Fabrícia Massoni é geóloga formada pela Universidade Estadual
Paulista (Unesp – Rio Claro).
VALE PARAÍBA DO SUL
No Brasil, um exemplo interessante de planície aluvial é o vale do rio Paraíba do Sul, localizado nos Estados de São Paulo e Rio de Janeiro. Seguindo pela rodovia Presidente Dutra (BR-116) é possível observar um grande vale encaixado entre a serra da Mantiqueira, a noroeste, e a serra do Mar a sudeste. Após passar pela cidade de Jacareí (SP), o Paraíba do Sul cruza a estrada com suas águas calmas e seu curso cheio de curvas. Ele segue pelo vale acompanhando a estrada, ora distante, ora bem próximo, à espreita, como uma cobra prestes a dar o bote. E assim segue até desaguar no oceano Atlântico, no litoral norte do Rio de Janeiro.

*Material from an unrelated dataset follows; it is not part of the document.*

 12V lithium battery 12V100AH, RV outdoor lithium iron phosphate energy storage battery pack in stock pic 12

O serpear desse rio se dá devido à ocorrência de meandros. Por isso, sua morfometria é dita meandrante. Ela se caracteriza por canais de alta sinuosidade, que delineiam curvas acentuadas, resultantes da migração lateral de sedimentos. Nas margens côncavas, ocorre uma erosão progressiva, e, nos leitos convexos dos meandros, sedimentação. Isso se deve ao tipo de fluxo em espiral e à topografia do terreno, com gradiente (declividade) extremamente baixo. O que mais impressiona na viagem por esse vale é a amplidão das terras que se estendem a partir das margens do rio até as serras que limitam a extensa região aplainada.

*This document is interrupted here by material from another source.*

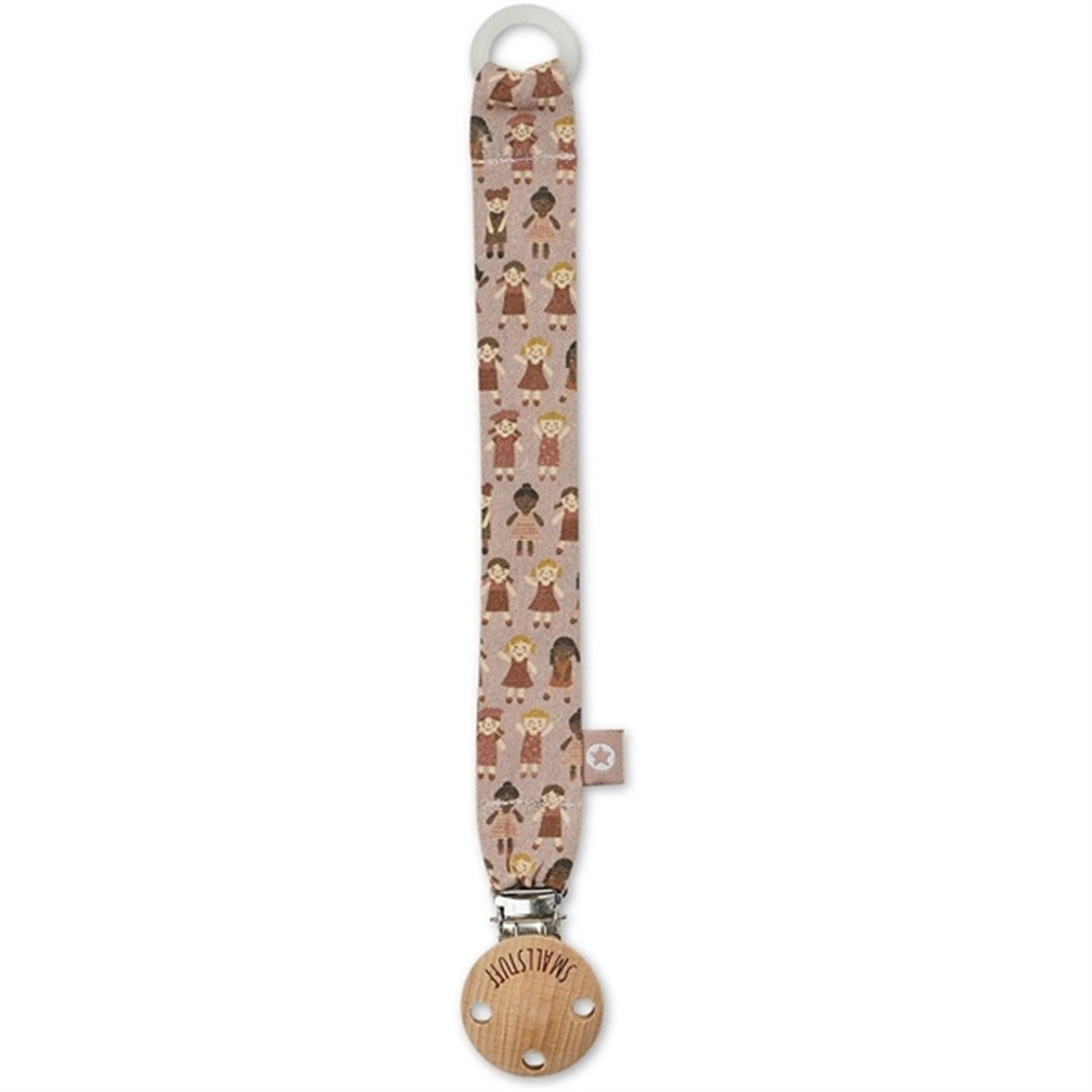 Smallstuff Woven Pacifier Strap Rose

O vale do rio Paraíba do Sul tem origem tectônica associada ao desmantelamento do supercontinente Pangea, há aproximadamente 250 milhões de anos (limite entre as eras Paleozóica e Mesozóica), e à conseqüente separação dos continentes sul-americano e africano. O vale aberto, de formato alongado e com largura aproximada de 20 km, foi preenchido por sedimentos de antigos rios e lagos durante o período Terciário (65 milhões a 1,8 milhão de anos atrás), dando origem à bacia sedimentar de Taubaté e a outras bacias associadas, com orientação nordeste–sudoeste, como a bacia sedimentar de São Paulo. Atualmente o rio Paraíba do Sul tem seu curso médio instalado ao longo da bacia de Taubaté.
VALE PARAÍBA DO SUL
Embora pareça que os projetos de drenagem não tenham sido bem dimensionados e sejam os únicos responsáveis pelo problema, algumas áreas têm uma razão específica para se tornarem pontos de acúmulo da água das chuvas: trata-se de possíveis meandros abandonados. Ou seja, antigos trechos sinuosos de um curso de água que se desconectaram do canal principal do rio em decorrência da mudança constante de posição do canal ao longo da planície aluvial, graças ao processo continuado de erosão e deposição em suas margens. Esse processo leva ao acentuamento da curvatura do meandro, que acaba formando uma volta inteira (360º), sendo truncado em um ponto por onde passa a escoar a corrente fluvial. Barras de areia tamponam o meandro antigo abandonado, fechando-o como um lago em forma de U.
TIMES DE VÁRZEA
Não foi à toa que os primeiros times amadores de futebol do Brasil escolheram as planícies aluvionares dos rios para o esporte importado da Inglaterra por Charles Miller, em meados da década de 1890. Na cidade de São Paulo, os trabalhadores ingleses das estradas de ferro e as elites dos clubes aproveitavam o terreno extremamente plano das várzeas dos rios Pinheiros e Tietê e afluentes para a prática do esporte que se tornou o mais popular do País. Homens com bengalas e mulheres com vestidos longos e rendados acompanhados de sombrinhas se reuniam aos domingos para assistir aos jogos que aconteciam na baixada do Glicério, no Hipódromo da Mooca e nos campos próximos da São Paulo Railway, na Lapa. Daí a origem da expressão “time de várzea”.